◆ **Task inputs**

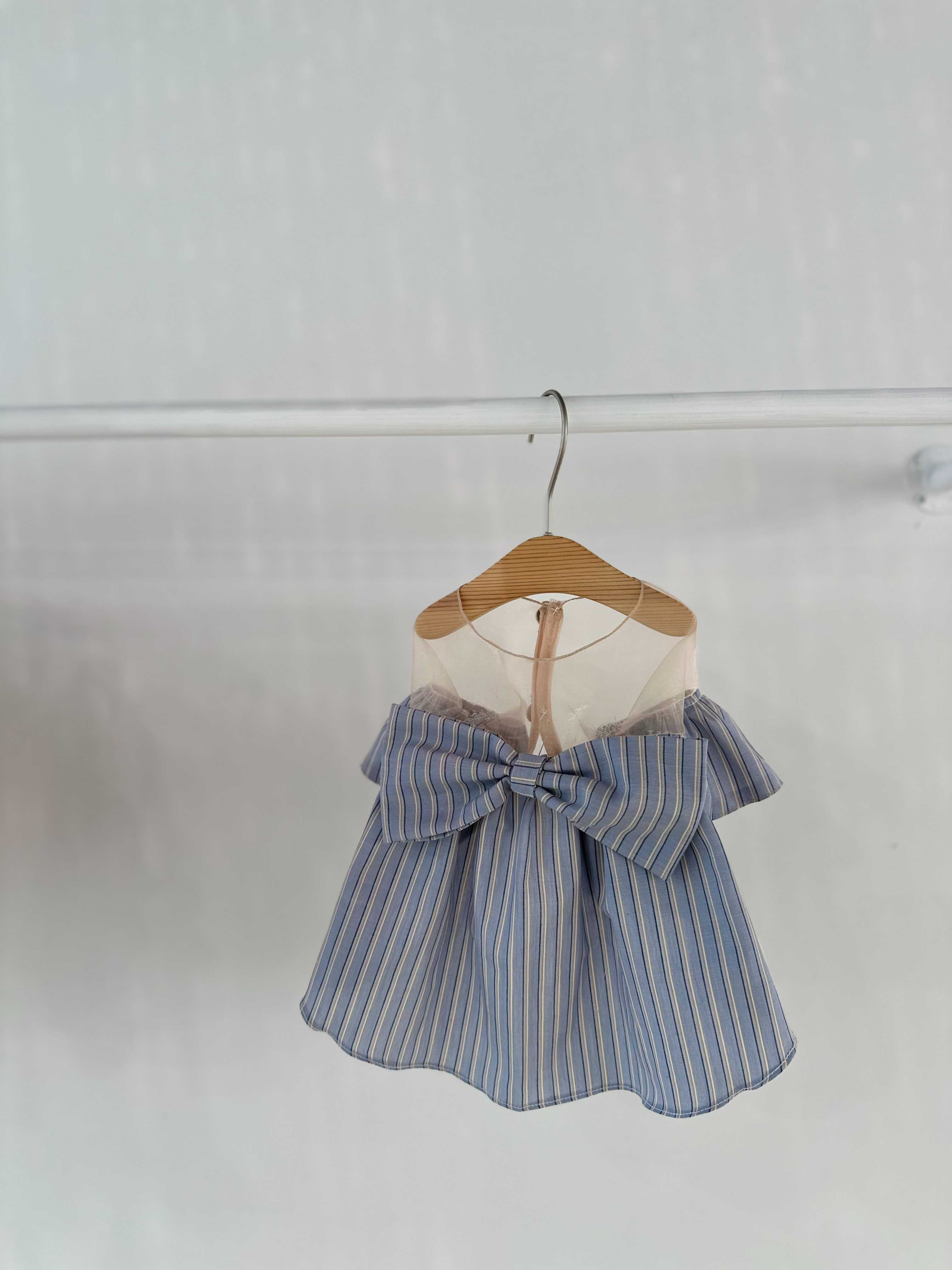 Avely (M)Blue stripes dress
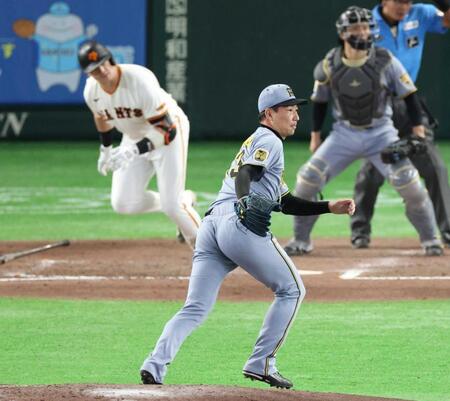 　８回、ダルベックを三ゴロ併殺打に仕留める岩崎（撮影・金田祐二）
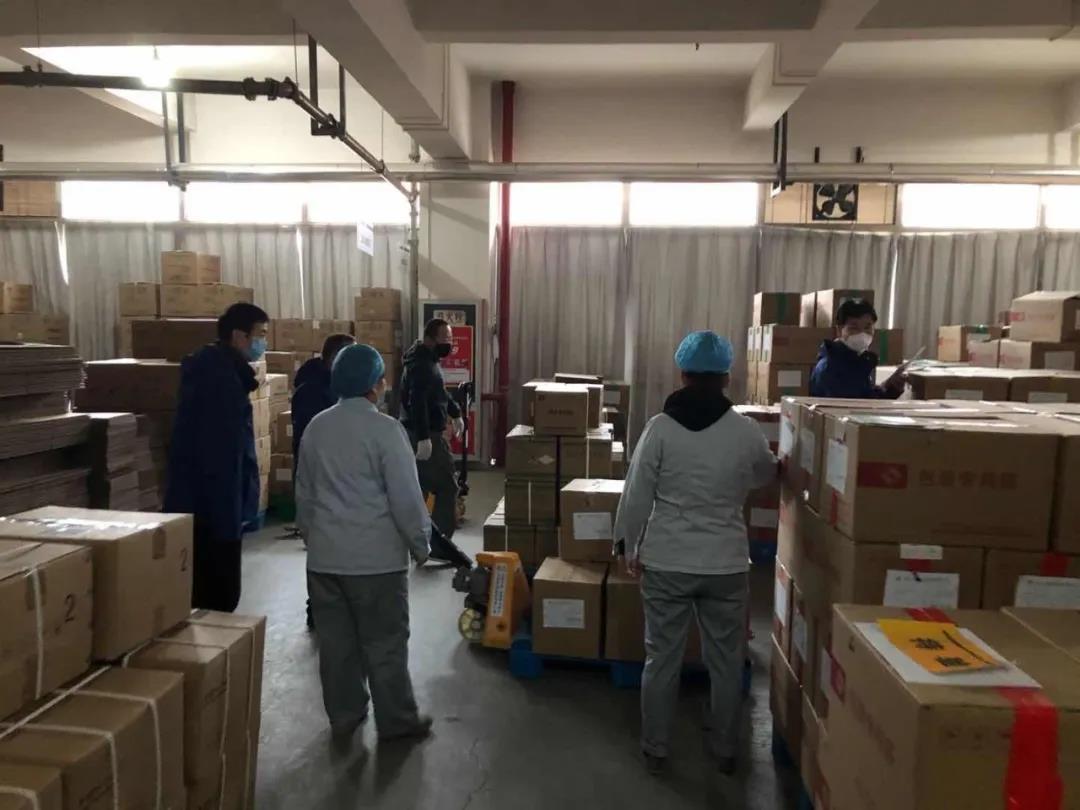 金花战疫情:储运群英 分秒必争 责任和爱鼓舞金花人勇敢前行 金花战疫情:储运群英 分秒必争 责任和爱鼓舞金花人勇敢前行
--
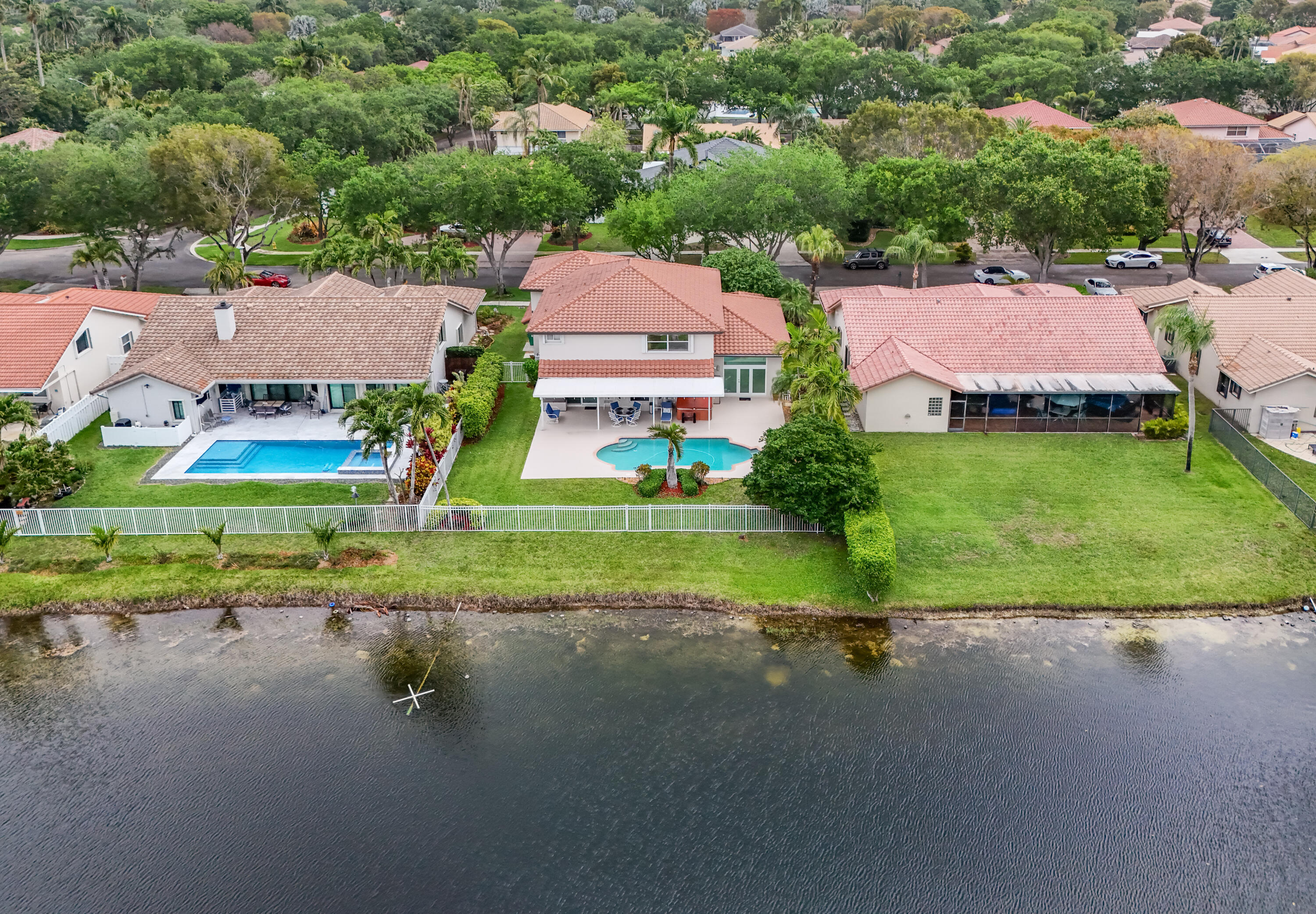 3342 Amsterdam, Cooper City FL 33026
---
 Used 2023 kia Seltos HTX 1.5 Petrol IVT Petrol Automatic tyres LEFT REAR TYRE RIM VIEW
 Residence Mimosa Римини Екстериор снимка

◆ **Task**
For this task, return exactly the stretch of the listing above from the line with "Avely (M)Blue stripes dress" through the line with "金花战疫情:储运群英 分秒必争 责任和爱鼓舞金花人勇敢前行 金花战疫情:储运群英", inclusive and without pictures.

◆ **Written response**
 Avely (M)Blue stripes dress
 　８回、ダルベックを三ゴロ併殺打に仕留める岩崎（撮影・金田祐二）
 金花战疫情:储运群英 分秒必争 责任和爱鼓舞金花人勇敢前行 金花战疫情:储运群英 分秒必争 责任和爱鼓舞金花人勇敢前行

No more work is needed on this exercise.